X = np.array(X_test)  
Y = np.array(y_test)
x_min, x_max = X[:, 0].min() - .5, X[:, 0].max() + .5
y_min, y_max = X[:, 1].min() - 1.5, X[:, 1].max() + 1.5
#specify step size in the mesh
h = .02  
xx, yy = np.meshgrid(np.arange(x_min, x_max, h), np.arange(y_min, y_max, h))
# make map prediction at every point on the grid
Z = logreg.predict(np.c_[xx.ravel(), yy.ravel()])
# Put the result into a color plot
Z = Z.reshape(xx.shape)

plt.figure(1, figsize=(12, 8))
plt.pcolormesh(xx, yy, Z, cmap=plt.cm.Dark2)

labels = ['Firmicutes','Actinobacteria','Gammaproteobacteria']
colors = [0,4,7]
for i in range(3):
    subset = Y == i
    plt.scatter(X[subset, 0], X[subset, 1], edgecolors='k', s=150, 
                color =plt.cm.Dark2.colors[colors[i]] , label = labels[i])
    
plt.xlabel('Size(MB)', fontsize=14)
plt.ylabel('GC%', fontsize=14)
plt.xlim(xx.min(), xx.max())
plt.ylim(yy.min(), yy.max())
leg = plt.legend(loc = 'upper left',fontsize = 14, framealpha=0.01)

plt.show();

I can also use the “predict_proba” method to get estimates for all classes at a given assembly size(MB) and GC content. For example, with an assembly size of 7 MB and GC content of 50% falling in the grey region, the bacterial subgroup is most probable Gammaproteobacteria since this subgroup has the highest probability for the given features as shown below. 

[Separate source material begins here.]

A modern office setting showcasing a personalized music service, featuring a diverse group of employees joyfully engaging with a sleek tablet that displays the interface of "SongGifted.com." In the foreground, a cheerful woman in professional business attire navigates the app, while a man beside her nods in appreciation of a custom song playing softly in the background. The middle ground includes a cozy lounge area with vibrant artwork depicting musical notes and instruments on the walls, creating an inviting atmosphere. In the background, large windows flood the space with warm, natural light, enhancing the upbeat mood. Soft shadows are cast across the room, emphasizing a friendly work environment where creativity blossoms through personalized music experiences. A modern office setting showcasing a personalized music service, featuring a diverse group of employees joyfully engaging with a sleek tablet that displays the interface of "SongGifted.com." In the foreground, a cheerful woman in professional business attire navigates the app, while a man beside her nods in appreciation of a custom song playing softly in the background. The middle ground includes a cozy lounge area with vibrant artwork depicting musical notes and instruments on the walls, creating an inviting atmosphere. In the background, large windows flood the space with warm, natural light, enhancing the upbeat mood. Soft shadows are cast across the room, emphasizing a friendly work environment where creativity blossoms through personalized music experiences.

Here you can find an sklearn example of logistic regression 3 class classifier: https://scikit-learn.org/stable/auto_examples/linear_model/plot_iris_logistic.html.

In [None]:
logreg.predict_proba([[7,50]])

##### More on Evaluation: ROC curves
Another way to evaluate the output of our classifier is to look at ROC curves. ROC curve for each class is a plot of the class’s true positive rate (Y axis) against its false positive rate (X axis), a trade between sensitivity and specificity. The black line is represents a model that randomly guesses the class and any classifier with a curve above and farther away from the black line is better. The classifier that is closer to the ideal point of a true positive rate of one and a false positive rate of zero approaching the top left corner of the plot is better. This means a steeper ROC curve and also implies a larger area under the curve (AUC).
In order to plot ROC curve for multi-class classification, we need to binarize the output variable using the one-vs-all classification strategy and draw one ROC curve per class. 

Sklearn has built in functions for ROC curves (https://scikit-learn.org/stable/auto_examples/model_selection/plot_roc.html).


In [None]:
# Use one vs all classifier
classifier = OneVsRestClassifier(LogisticRegression())
y_score = classifier.fit(X_train, y_train).decision_function(X_test)  

# Compute ROC curves for each class
fpr = dict()
tpr = dict()
roc_auc = dict()
for i in range(3):
    fpr[i], tpr[i], _ = roc_curve(y_test.values == i, y_score[:,i])
    roc_auc[i] = auc(fpr[i], tpr[i])

# Plot all ROC curves
plt.figure(1, figsize=(12, 8))

colors = cycle(['aqua', 'darkorange', 'cornflowerblue'])
for i, color in zip(range(3), colors):
    plt.plot(fpr[i], tpr[i], color=color,
             label=f"ROC curve of class {i} is {round(roc_auc[i],2)}")
plt.xlabel('False Positive Rate')
plt.ylabel('True Positive Rate')
plt.title('ROC for multi-class')
plt.legend(loc="lower right")
plt.show()

The multiclass logistic regression model suggests that the GC content and assembly size can tease apart the three bacterial subgroups Gammaproteobacteria, Firmicutes and Actinobacteria with a good accuracy. So if more accurate information is missing on potential bacterial members of these subgroups, we could use these features to classify them into their subgroup with an acceptable accuracy. A nice application of logistic regression in bacterial genome studies!